Just turn the table upside down.

Then the first matching item will really be the last item, as you desire.

How to turn it upside down? Well, I don't mean literally do that!!

(Today, in 2021, we'd just use `XLOOKUP()`

and tell it to look last to first instead of first to last. But read on for a solution that would have worked nicely in 2014. Or 2004 or 1994.)

As you may or may not be aware, the `INDEX()`

function can reorder columns in the range given to it so that the output has a column that was to the right of another column now on its left. Or let you select only some columns, or use one column more than once. It gives you that same opportunity with the rows. People seldom think about the rows though if they like Stephen Kind, they certainly do consider He Who Walks Behind The Rows...

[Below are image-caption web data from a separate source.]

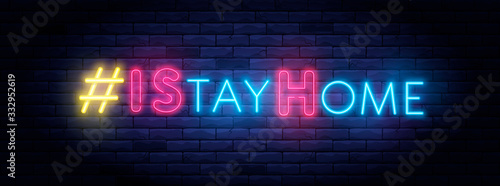 I Stay home hashtag in neon style. Coronavirus pandemic protection and prevention effort. Social activity message. Self-isolation and quarantine. To stay at home brightly illuminated neon sign on wall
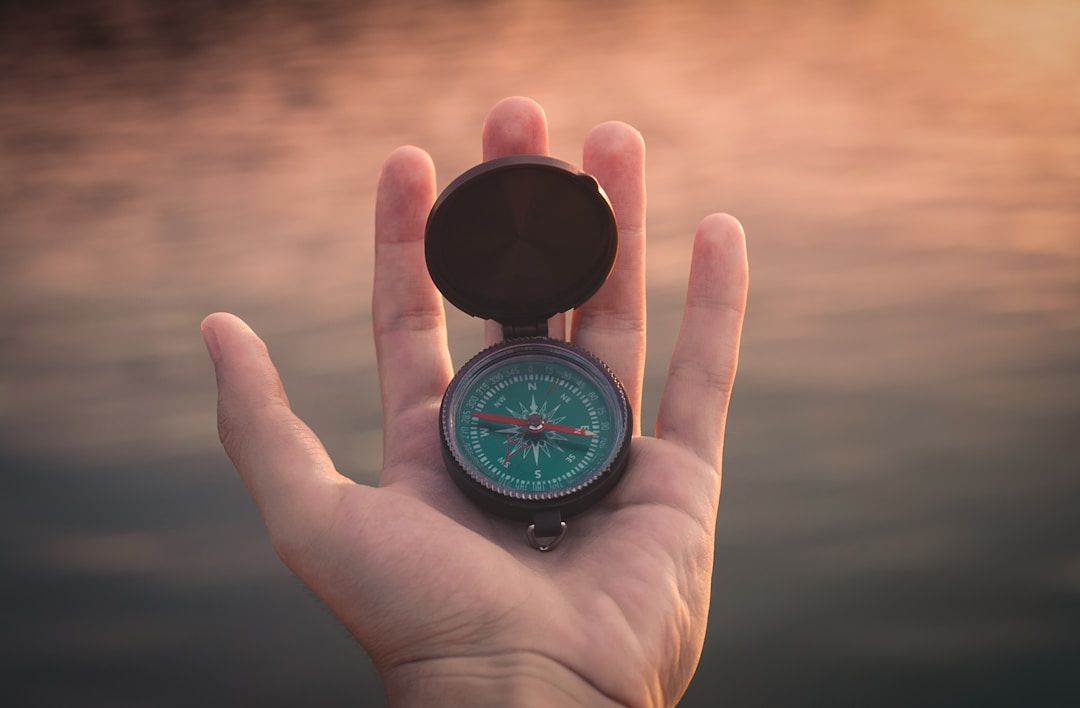 a hand holding a green compass as we discuss the gift of gene key 7: guidance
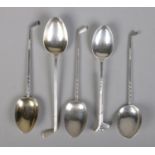 Five early to mid 20th century silver golf themed tea spoons, various assay marks. Including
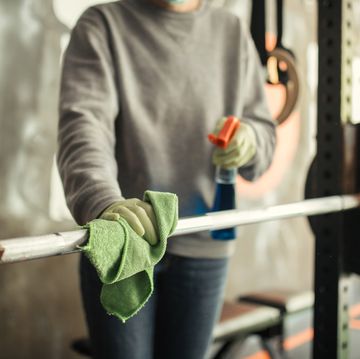 mature woman cleaning and disinfecting equipment in gym without people she is using microfiber cloth and antiseptic liquid spray and she wears protective cap, mask and gloves disinfection and hygiene in gym is very important to stop spreading virus infections photo taken during corona virus outbreak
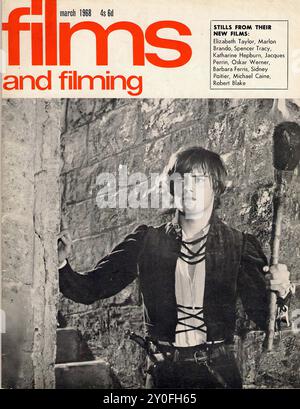 Films and Filming Mar 1968 - Vintage magazine cover -  Photographer unknow - Text transcription  [ films march 1967 3s 75c and filming Vanessa Redgrave David Hemmings In ANTONIONI'S THE BLOW UP 1967: SWING BACK TO MUSICALS? Vanessa Redgrave Sarah Miles David Hemmings THE BLOW UP George Chakiris Gene Kelly Catherine Deneuve YOUNG GIRLS OF ROOFIEFORT TWENTY PAGES ON MUSICALS OLD AND NEW Samantha Eggar Rex Harrison Anthony Newley DR. DOLITTLE Sidney Poitier TO SIR, WITH LOVE Tommy Steele Julie Andrews THOROUGHLY MODERN MILLIE Elvis Presley DOUBLE TROUBLE HALE A SIXPENCE  ] FOR EDITORIAL USE ONLY Stock Photo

Anyway, how to reverse the rows? The trick in 2014 for making sure all the rows in a range were present in the result (when one had to when leaving the value blank or "0" did not work, which was basically due to having used special selection for the columns) was to use the value `ROW(1:1000)`

(if there were a thousand rows in the range). Variations on the theme existed, but they revolved around using calculations to make a string and `INDIRECT()`

to make that something `ROW()`

would use. I will show that in the formula that follows, but in 2021 we can just use `SEQUENCE()`

to make the desired high-to-low sequence needed.

The problem with `ROW(1:1000)`

being written as `ROW(1000:1)`

trying to get a sequence going down 1 at a time from 1,000 to 1 (1,000, 999, 998, 997,...3, 2, 1) is that Excel cheerfully takes your "wrong" address range and "helpfully" fixes it for you so that it records as 1:1000, not 1000:1... no matter what you do.

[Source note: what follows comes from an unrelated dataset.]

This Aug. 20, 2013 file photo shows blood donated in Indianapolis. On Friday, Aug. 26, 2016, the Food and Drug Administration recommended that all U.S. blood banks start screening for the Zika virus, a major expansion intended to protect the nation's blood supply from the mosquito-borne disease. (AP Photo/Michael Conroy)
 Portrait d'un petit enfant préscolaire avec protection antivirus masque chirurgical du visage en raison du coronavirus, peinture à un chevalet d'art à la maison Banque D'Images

But... you know how many rows there are. You gave `INDEX()`

a range, so you can figure how many rows. Even if you gave it a Named Range. Since you can, you can add 1 to that value, and then subtract the `ROW(1:1000)`

that Excel will accept. In this example, it would be 1,000 rows, so you use 1,001 like so:

```
1001 - ROW(1:1000)
```

so Excel calculates 1001-1 (1000), 1001-2 (999), 1001-3 (998), and so on. See how you get a reverse sequence?

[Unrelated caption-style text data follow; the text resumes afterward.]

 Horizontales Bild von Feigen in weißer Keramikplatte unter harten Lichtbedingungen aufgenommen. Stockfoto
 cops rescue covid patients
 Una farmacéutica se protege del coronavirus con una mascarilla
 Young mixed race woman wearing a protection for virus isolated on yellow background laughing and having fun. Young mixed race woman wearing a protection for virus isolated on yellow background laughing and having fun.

Use that for the row parameter (second parameter) in your `INDEX()`

function. **Now your table is turned upside down.**

Since you did this for the rows, you WILL have to specify the columns as well. Since you just have two columns, use the simple array constant `{1,2}`

for that as you want them in that order. (Nowadays, you could use a (normal rising) `SEQUENCE()`

for this as well.)

Now your whole table is reversed and you use this as the second parameter in your `VLOOKUP()`

, the lookup range.

And the first value found is really the last because with the table reversed, you are looking last to first.